Improvement plans due 

The State Education Department issued a report last year that identified persistently low-performing schools and school districts. Priority schools are those with the lowest achievement, and focus schools are those at risk of becoming priority schools if preventive measures aren't taken.

The SED ranked Rochester's schools among the worst of the worst. Out of the 60 schools in the district, Rochester has only four that are not priority or focus schools. And the district as a whole is considered a focus district.

Before the month is over, Rochester schools Superintendent Bolgen Vargas has to submit individual plans to the SED for improving most of the district's priority schools — some have plans already in progress — as well as an overall plan for improving the district.

Most of the district's plans will take one of two approaches. The whole school reform model involves an entire redesign that can include changes to a school's leadership and improvements to the quality of instruction.

The transformational approach entails building on the schools' strengths.
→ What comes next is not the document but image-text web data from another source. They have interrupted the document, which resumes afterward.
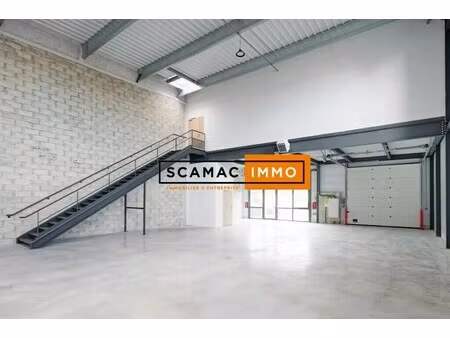 location entrepôt 77 m² à 371 m²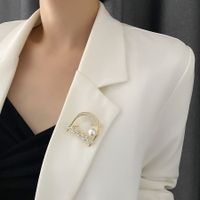 Fashion Letter Copper Plating Inlay Artificial Diamond Pearl Women's Brooches main image 5
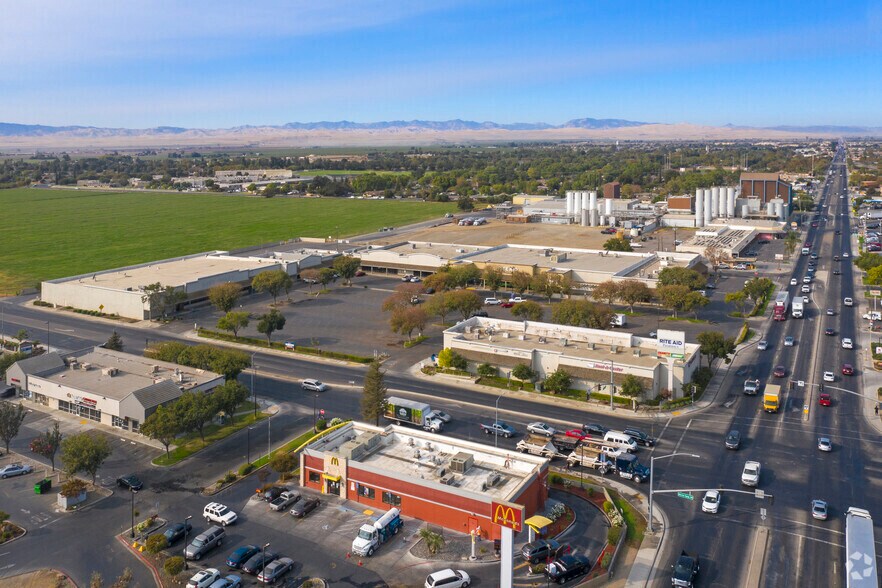 More Photos Of 1313-1341 E Pacheco Blvd, Los Banos Unknown For Lease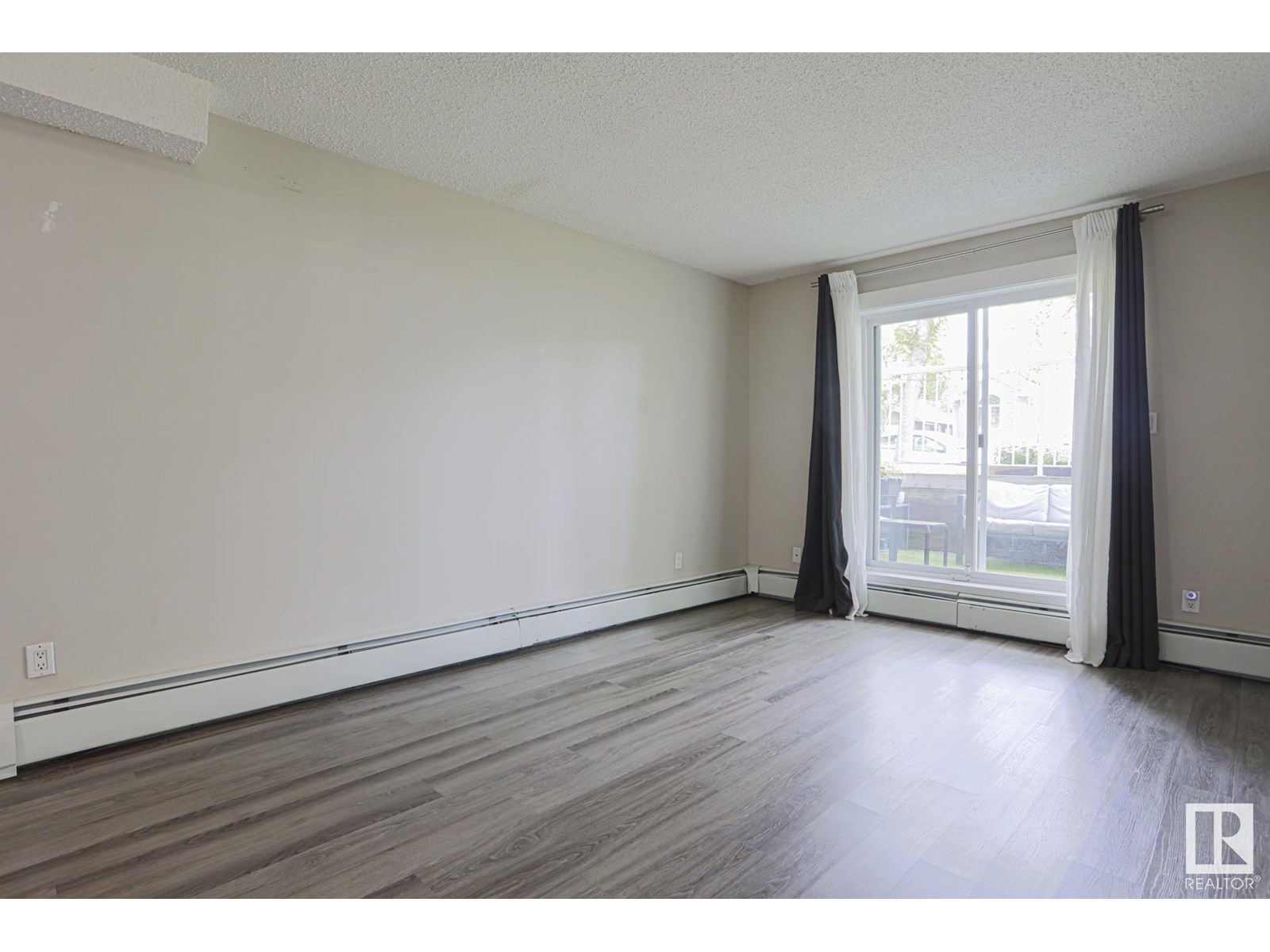 #104 11324 97 ST NW
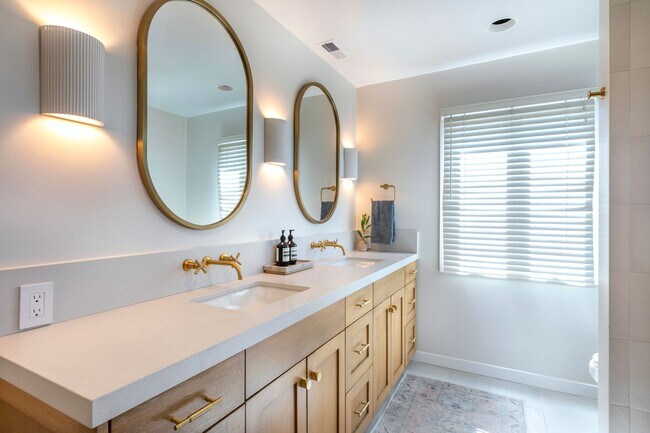 Building Photo - MODERN ARCHITECTURE W/ BEACH CHARM: BRIGHT & AIRY, 4BR3BA, 2-STORY HOME W/ OPEN & BRIGHT LIVING S...
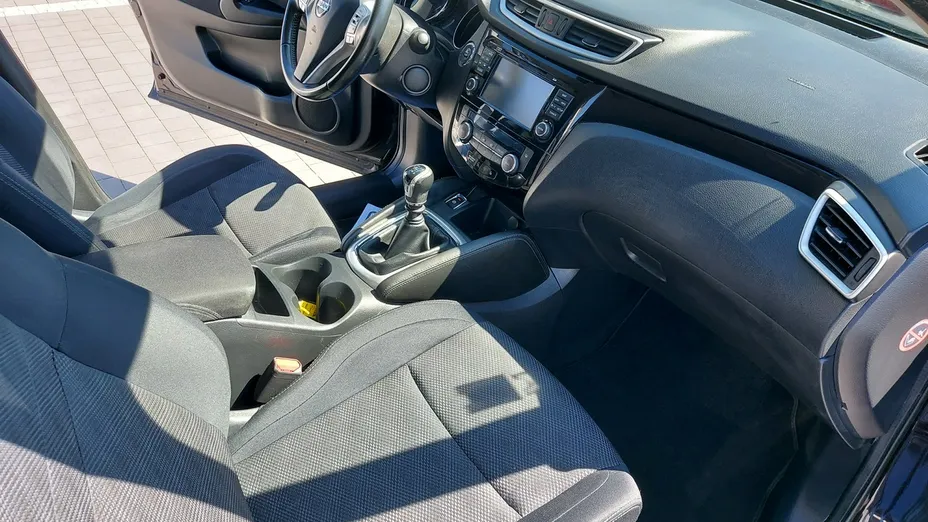 NISSAN Qashqai -
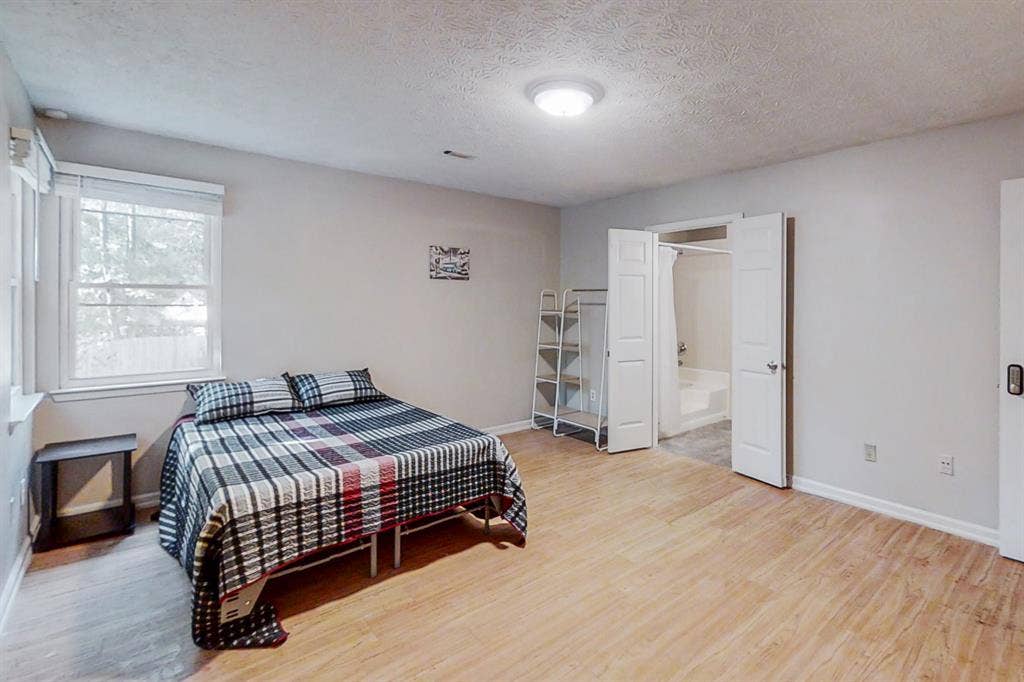 9 BR in Jonesboro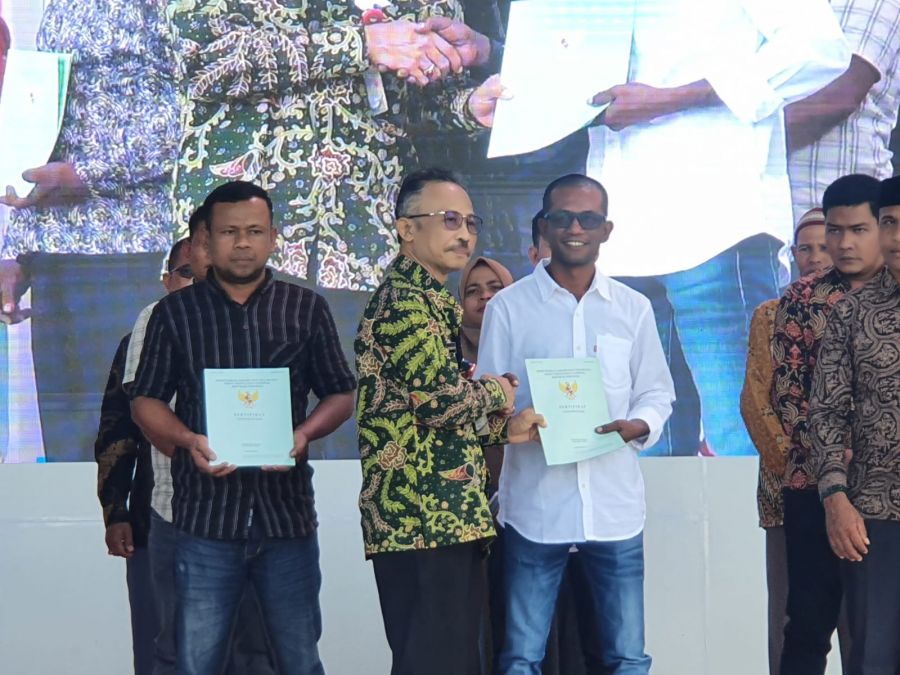 Hadiri Peringatan Hari Damai Aceh ke-17, Kepala BSKDN Serahkan Sertifikat Tanah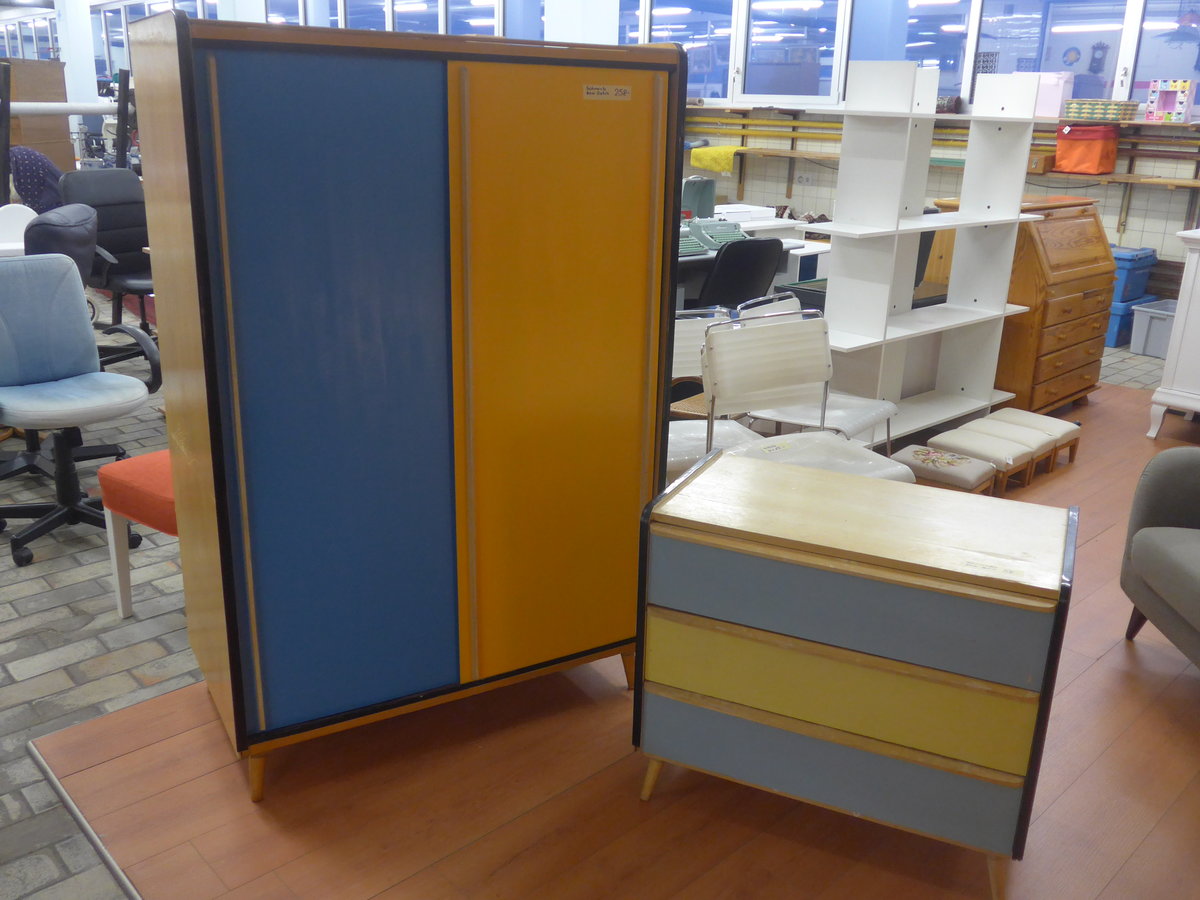 (213'998) - Schrank und Kommode aus den 60er-Jahren am 25. Januar 2020 im BrockiShop Thun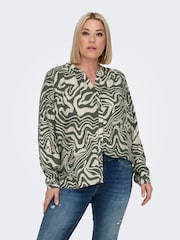 ONLY Curve Green Printed Button Through Blouse - Image 4 of 7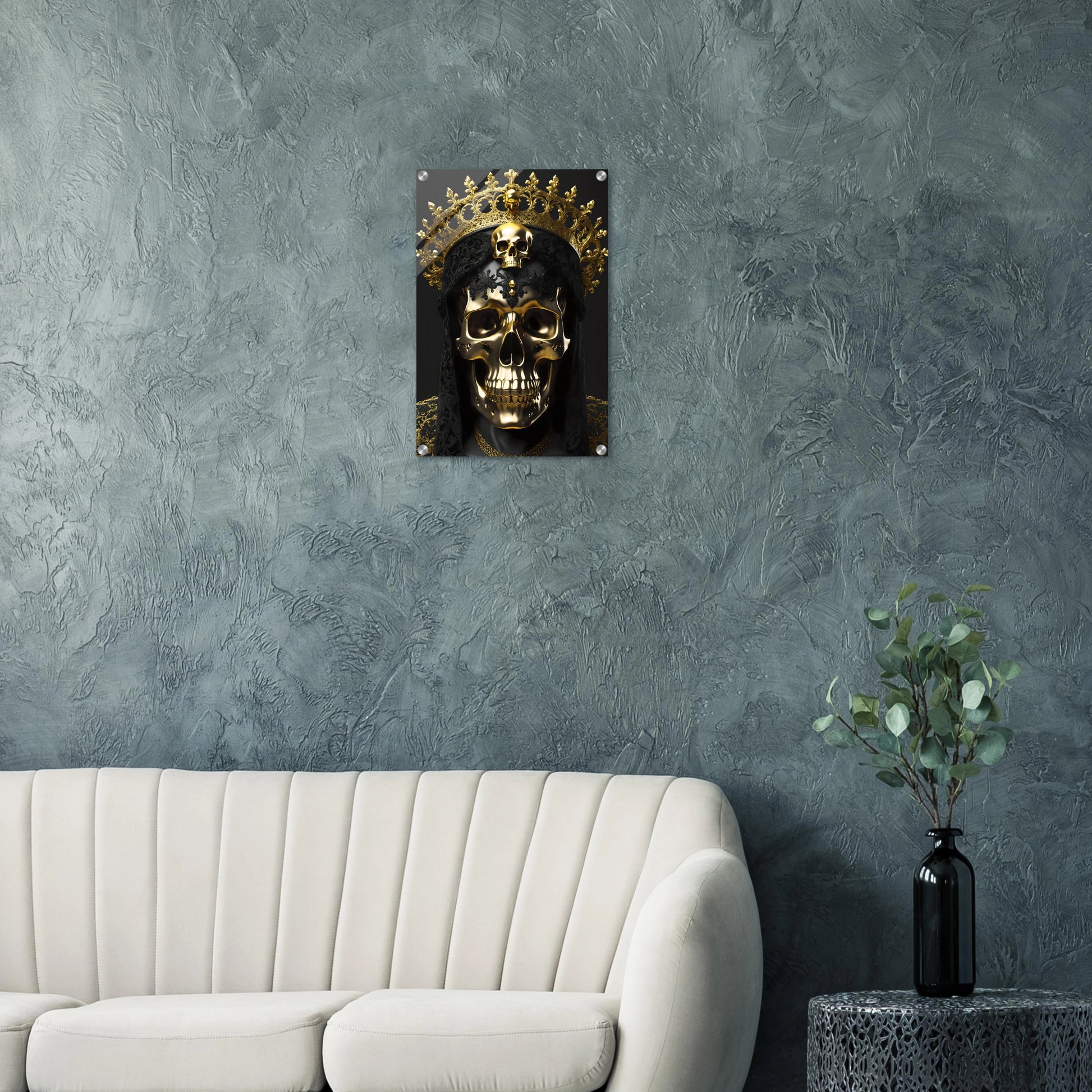 Modernes Wandbild eines golden glänzenden Schädels mit einer großen, filigranen Goldkrone vor dunklem Hintergrund. 40x60 cm. Acryl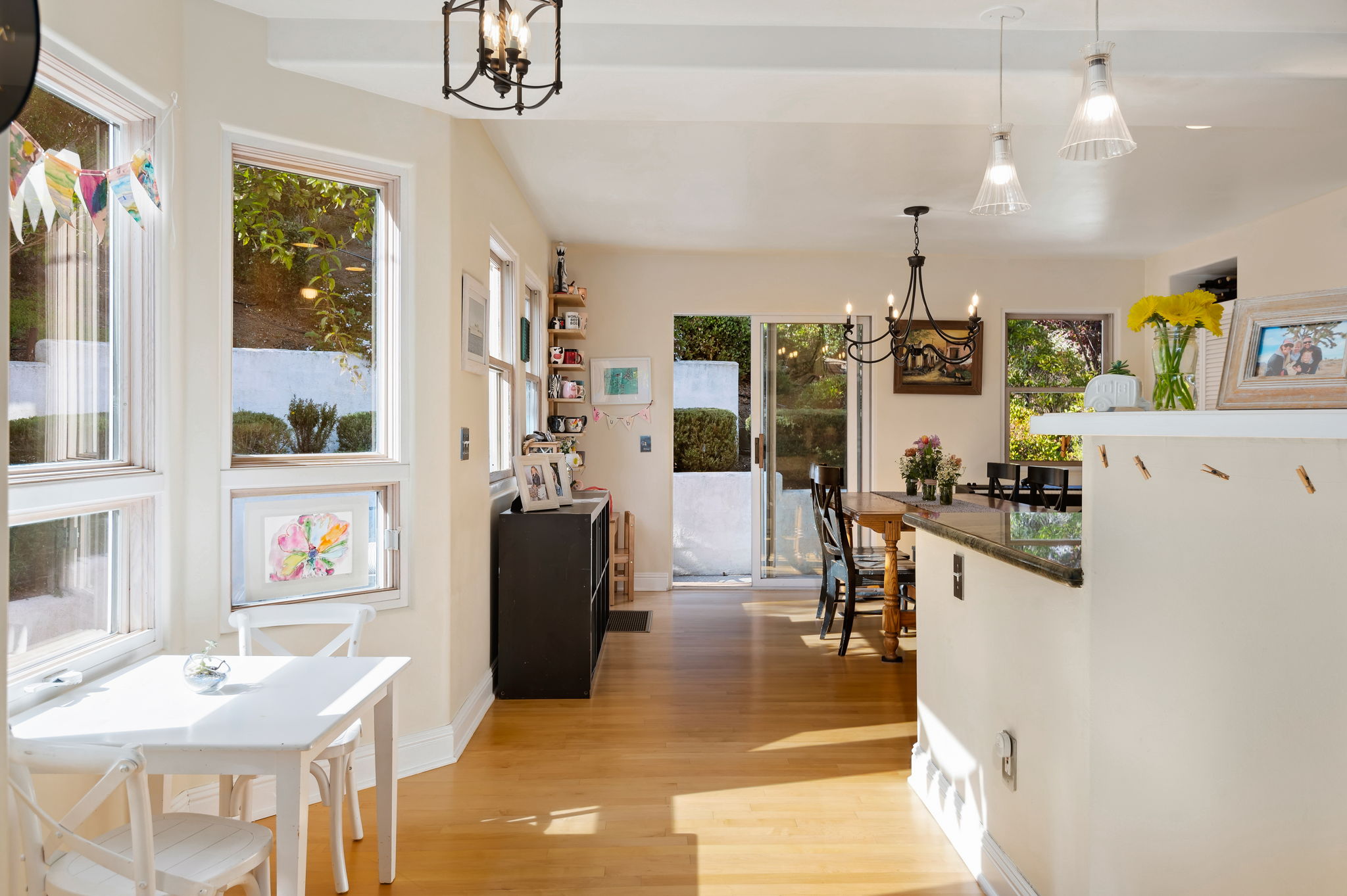 11 - Dining - Kitchen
For example, James Wilson Foundation and Commencement High School, which already offers an International Baccalaureate program, would strengthen that program, says Anita Murphy, the district's deputy superintendent of operations.

Vargas is recommending closing School 30, another SED option. The school's English Language Arts proficiency is 7 percent.

Though the SED gives district leaders several approaches to choose from, Vargas says there is one that he will never pursue: phasing out low-performing schools as new schools are phased in.

"We don't want to be disruptive and do that crazy shuffle-the-deck thing where we change everything around and discover three years later that academically nothing has changed and we're in the same exact place," Murphy says.

Expanding the school day is also a requirement for all priority schools, Murphy says. The district will provide extra instruction time to give students the time they need to learn, she says, instead of relying on intervention at a later time to help students catch up. The latter approach has frozen the district in a permanent mode of remedial instruction, Murphy says.